Study to move to College Hill
FREDRICK J. JOHNSON Capital-JournalREMEMBERING THE REV. CHARLES SHELDON
Place where minister wrote seen as a visitors' center.
By FREDRICK J. JOHNSON
The Capital-Journal
The Rev. Charles Sheldon's much-traveled study apparently is destined to make one final move --- this time toward home.
Sheldon built the study outside his residence, then in the 1600 block of S.W. College, to provide a quiet spot for his writing. It sat there for years after his death in 1946 but was moved to Gage Park in the mid-1960s to make way for construction of University United Methodist Church, 1621 S.W. College. The study was moved in 1986 to Ward-Meade Park, 124 N.W. Fillmore, but forces now are at work to move it back into the College Hill area.
Debra Stufflebean, president of the College Hill Neighborhood Council, said the organization wants to relocate the study to Boswell Square, a park between S.W. 13th and 14th streets from Boswell to Jewell that was created after the old Boswell Junior High School was demolished.
The square already is home to a "Wall of Fame" that bears Sheldon's name, recognizing the author of the renowned book "In His Steps" and originator of the "What Would Jesus Do" phrase as one of six people thus far honored as founders of the College Hill Neighborhood.
Stufflebean said the wall was initiated just two years ago, and Sheldon's name was one of the first placed on it.
The neighborhood council thinks his study would make a nice visitors' center at Boswell Square, and Ward-Meade Park officials are agreeable to letting it go back to College Hill.
The council broached the idea with Anita Wolgast at Ward-Meade Park and learned the park also was considering relocating the old building.
The park, Wolgast said, is developing a turn-of-the-century town square, and the study just isn't a good fit for that theme.
"It was brought to the property before some of the other buildings for the town square were put in," she said. "It is on our tour program, available for tours, and we've taken good care of it. But we were looking at moving it to a more quiet, serene setting. When they approached us, it seemed like a perfect fit."
Stufflebean said the College Hill Neighborhood group still needs to raise enough money to fund the move and secure the building once it is in place.
"It's a case of getting our ducks in order, getting enough donations to do it," she said. "Ward-Meade and College Hill are in agreement it will happen. The time just hasn't been designated yet. This all pretty much just came up last winter."
The study's first moves apparently were made under the guidance of the Altruist Club, a women's group that disbanded shortly after the 1986 move to Ward-Meade.
Mary Muilenburg, the daughter of former club member Dorothy Foster Fuller, remembers her mother and other club members staffing the study when it was open on weekends at Gage Park near the zoo.
Most of the club members were fairly elderly in the 1980s and were no longer able to staff the study as they once had, Muilenburg said.

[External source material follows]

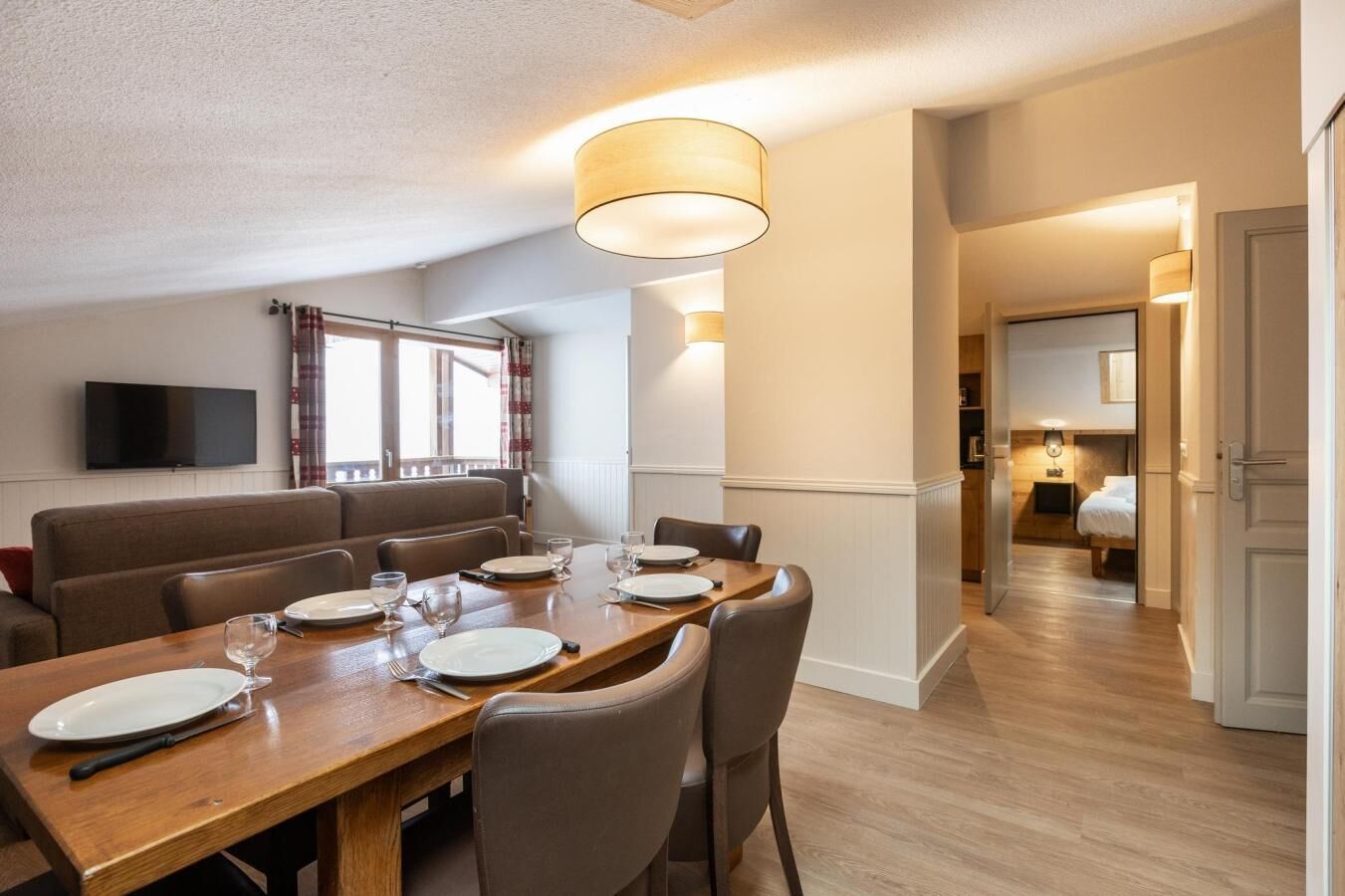 A dining area with a wooden table set for four, a sofa, and a TV mounted on the wall.
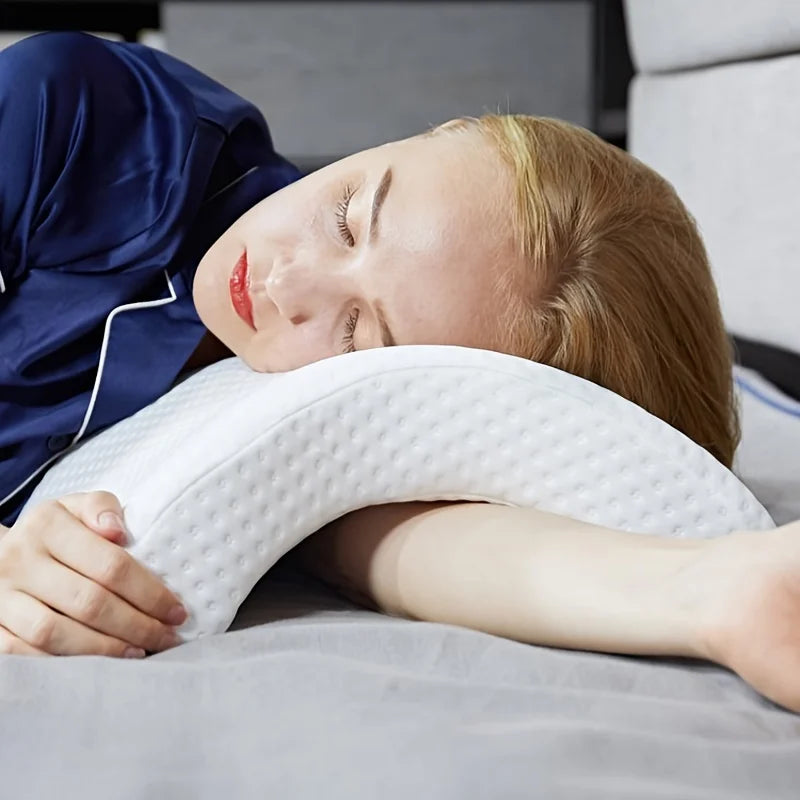A young woman is resting with an arched memory foam cuddle pillow supporting her neck and head.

They were concerned about its future and also the fact that the building was in an unsecure area.
When Ward-Meade started collecting buildings, club members thought it would be a good location for the study and worked with city and Ward-Meade officials to make the move in 1986, Muilenburg said.
"Saving the study that way was probably their last project," she said. "That would have been the end of their club."